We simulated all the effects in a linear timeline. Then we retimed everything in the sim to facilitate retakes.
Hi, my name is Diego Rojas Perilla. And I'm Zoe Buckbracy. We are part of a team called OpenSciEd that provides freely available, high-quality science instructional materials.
---
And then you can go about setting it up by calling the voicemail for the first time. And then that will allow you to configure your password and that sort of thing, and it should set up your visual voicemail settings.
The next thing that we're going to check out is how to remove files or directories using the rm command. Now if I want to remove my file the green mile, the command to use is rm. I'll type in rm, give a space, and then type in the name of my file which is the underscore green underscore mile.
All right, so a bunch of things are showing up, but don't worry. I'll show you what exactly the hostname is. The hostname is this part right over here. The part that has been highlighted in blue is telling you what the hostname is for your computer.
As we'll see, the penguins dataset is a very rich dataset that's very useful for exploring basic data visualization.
--
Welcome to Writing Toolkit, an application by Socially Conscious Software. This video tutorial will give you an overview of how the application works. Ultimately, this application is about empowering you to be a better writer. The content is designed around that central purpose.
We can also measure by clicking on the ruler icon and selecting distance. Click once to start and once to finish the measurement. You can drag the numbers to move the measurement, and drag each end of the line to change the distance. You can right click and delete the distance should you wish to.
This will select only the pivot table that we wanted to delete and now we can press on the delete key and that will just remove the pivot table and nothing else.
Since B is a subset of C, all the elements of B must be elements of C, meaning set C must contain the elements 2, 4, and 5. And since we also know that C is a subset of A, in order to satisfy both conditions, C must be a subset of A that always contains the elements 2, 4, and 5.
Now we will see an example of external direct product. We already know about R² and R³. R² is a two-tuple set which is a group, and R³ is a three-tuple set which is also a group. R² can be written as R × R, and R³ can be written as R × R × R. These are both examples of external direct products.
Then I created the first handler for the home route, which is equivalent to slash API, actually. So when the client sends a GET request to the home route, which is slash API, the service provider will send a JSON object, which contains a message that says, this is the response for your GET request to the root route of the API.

INSTRUCTIONS TO FOLLOW |
Would you output, from the records above, exactly the run of lines that starts at the line containing "We simulated all" and ends at the line containing "Hi, my name", and only that run?

EXERCISE SOLUTION |
We simulated all the effects in a linear timeline. Then we retimed everything in the sim to facilitate retakes.
Hi, my name is Diego Rojas Perilla. And I'm Zoe Buckbracy. We are part of a team called OpenSciEd that provides freely available, high-quality science instructional materials.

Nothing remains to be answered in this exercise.